Espada “Love storm”, recensione

espada.jpg

Un balzo all’indietro!

Montate in sella all’unicorno degli Espada e tornerete verso un passato musicale ricco di sfumature e rimandi, in grado di recuperare i ricordi e modificare le sensazioni.

Così accade sin dall’ottima overture: Hard Times , posta tra Doors, Billy Idol e classic rock. Ma non illudetevi, perché il mondo di Giacomo Gigli non si accontenta certo. Pronto a dare verbo a stilemi d’oltreoceano (Dweyn), il quintetto viaggia agli inizi degli anni ‘60, tra minimalismo e aperture desertiche, dove il drum set di Leonardo Pucci offre il giusto pattern per una sofferta narratività. Emozioni che giungono a mostrare venature dobro con The number, in cui maturano idee perfettibili, ma immediatamente riassestate grazie ai filtri vocali di The tour, sussurrata traccia pseudo country, in cui la band gioca con i silenzi e la pacatezza espressiva.

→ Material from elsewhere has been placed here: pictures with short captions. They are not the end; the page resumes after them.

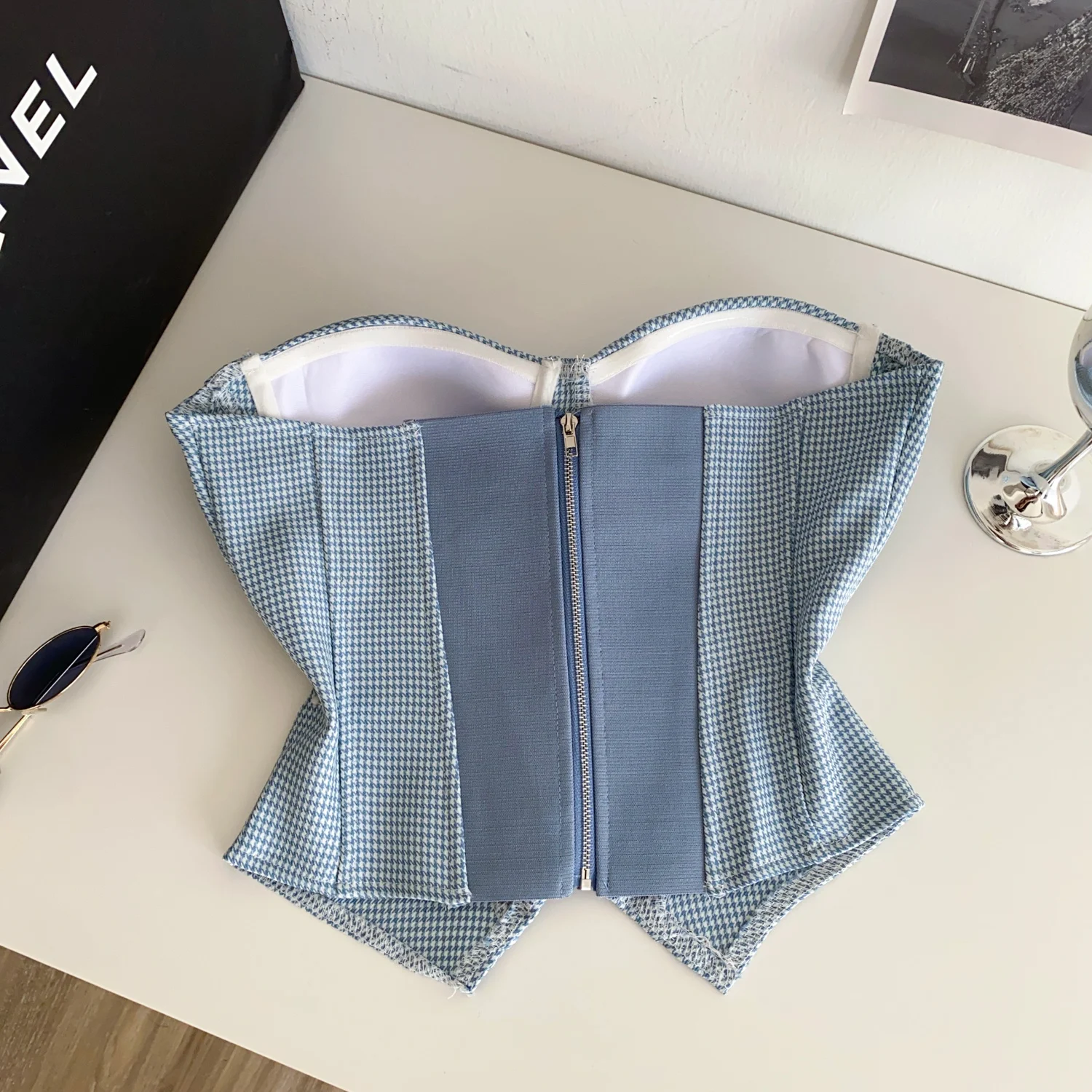 Clothland المرأة ريترو منقوشة المحاصيل الأعلى حمالة أكمام الخامس الرقبة سستة مشد قميص خمر مثير سليم بلوزة Blusa WA386 #2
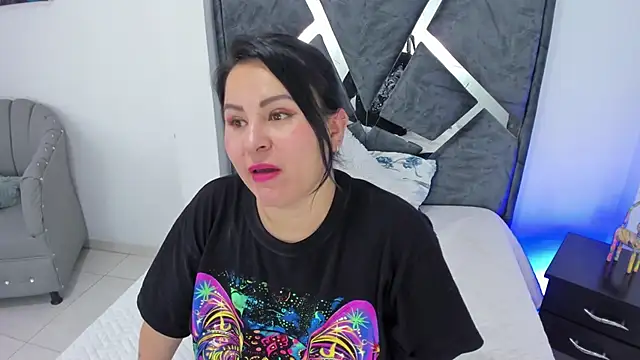Domina0 XXX чат на живо
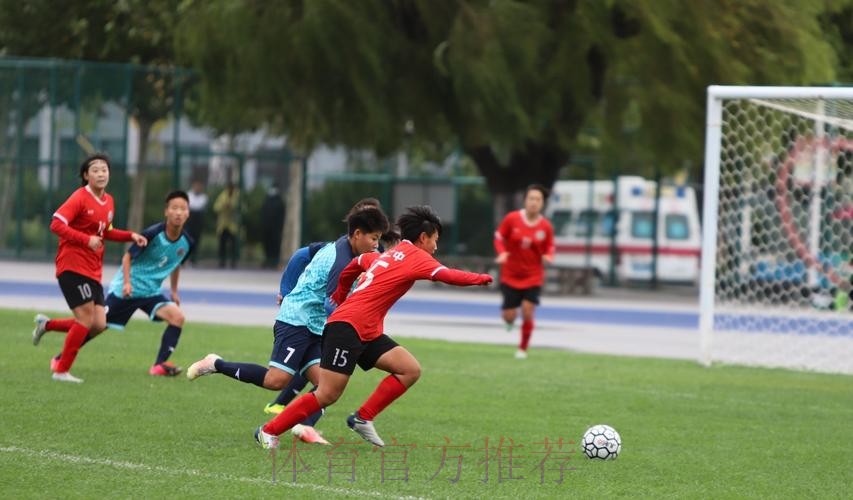 第一届中青赛女子U13、U17组结束排位赛争夺 第一届中青赛女子U13、U17组结束排位赛争夺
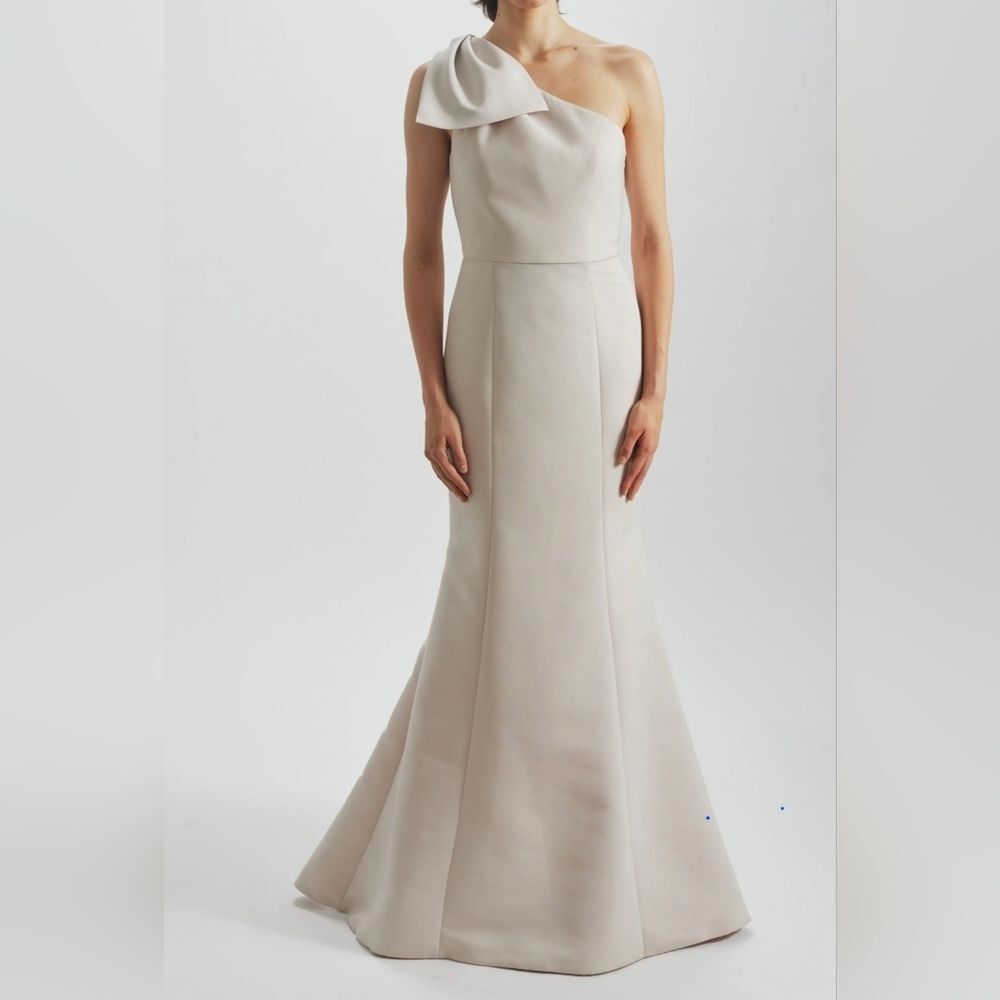 Amsale Cream One-Shoulder Dress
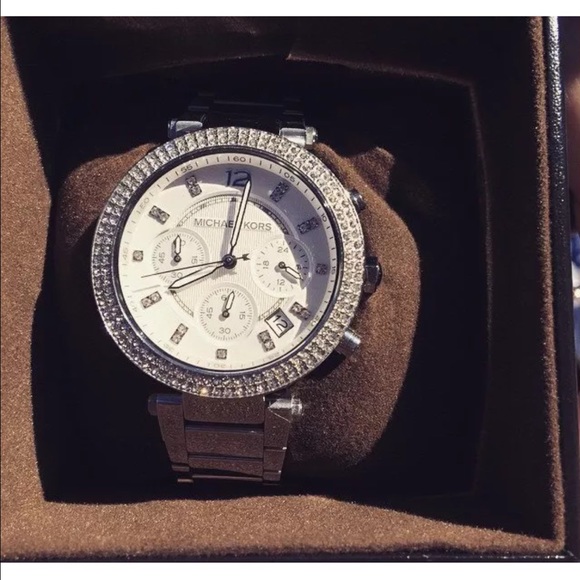 Michele watch: CSX diamond chronograph display picture 3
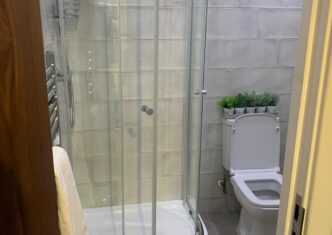 mill-Premium Ensuite Bathroom 1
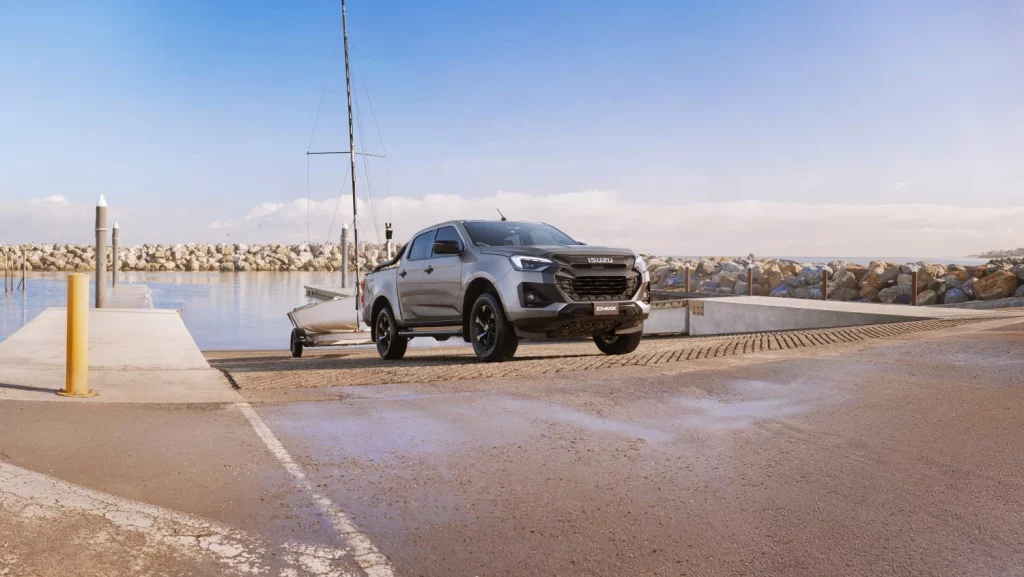 El Isuzu D-Max estrena motor diésel 2.2 y cambio automático de 8 velocidades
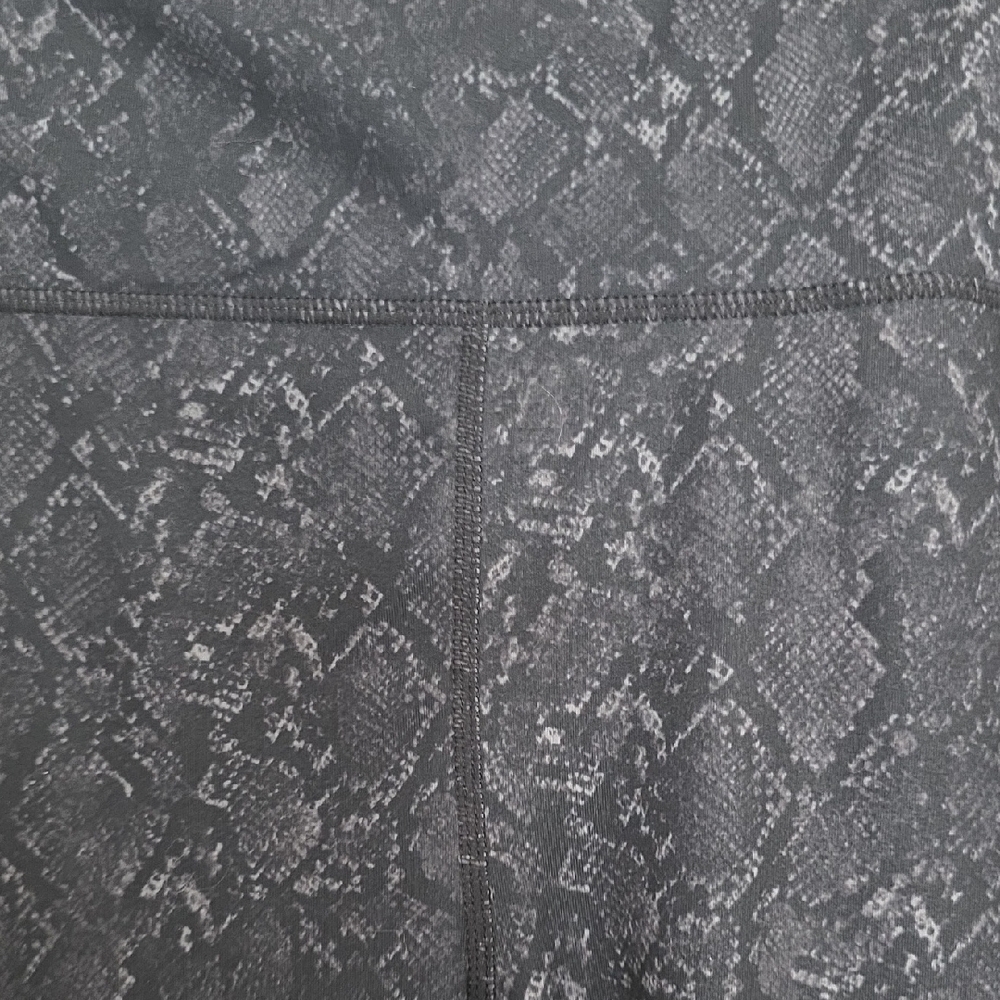 Fabletics Gray Snake Print Leggings LIKE NEW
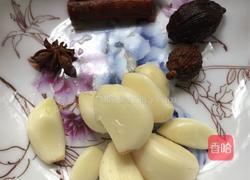 卤猪耳朵的做法图解2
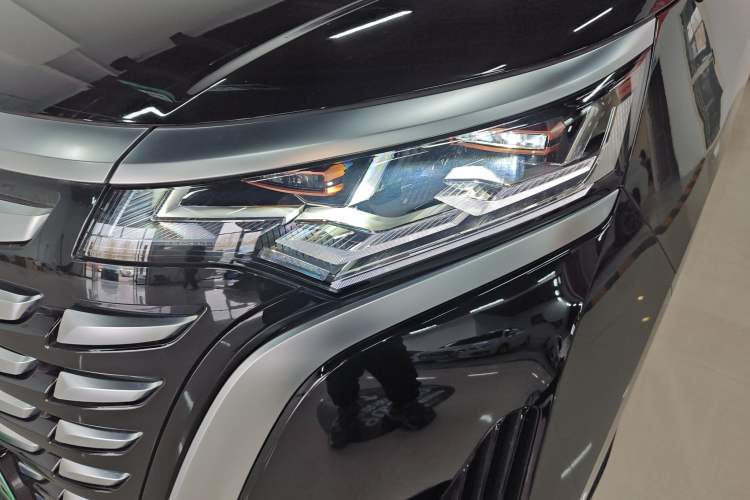 Used Denza D9 2024 DM-i 1050 Luxury Model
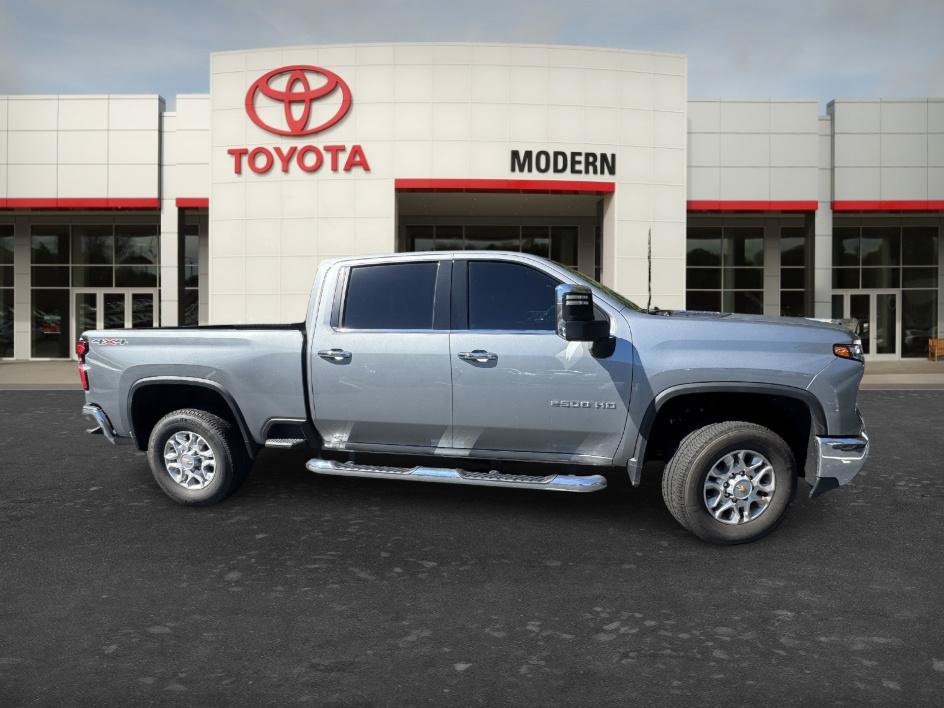 Used 2025 Chevrolet Silverado 2500 LTZ w/ LTZ Premium Package AWD/4WD image 11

L’album, vestito dall’arte di Francesca De mai, trova il proprio climax espressivo con il sangue indie di Young and devious, delicata musicalità da ascoltare immobili in un mondo in eterno movimento. La composizione di certo annoverabile tra le migliori intuizioni espressive di questo Love Storm, restituisce accorte sensazioni Sparklehorse anche grazie ad un celato alt- country pronto ad aprire il proprio sound ad accordi liberi che, nella sua seconda parte, mutano direzione, definendo un’anelata spensieratezza, senza però mai esplicitarla.

A chiudere l’ottimo disco (promosso da Fleisch Agency) sono le sonorità di The well,in cui il synth di Dan Kinzelman funge da collante per un tracciato che si pone con abilità tra easy listening (Heart of ice) e metodiche alternative.

Nessun dubbio, pertanto, nel regalare a questo disco un voto solido e concreto.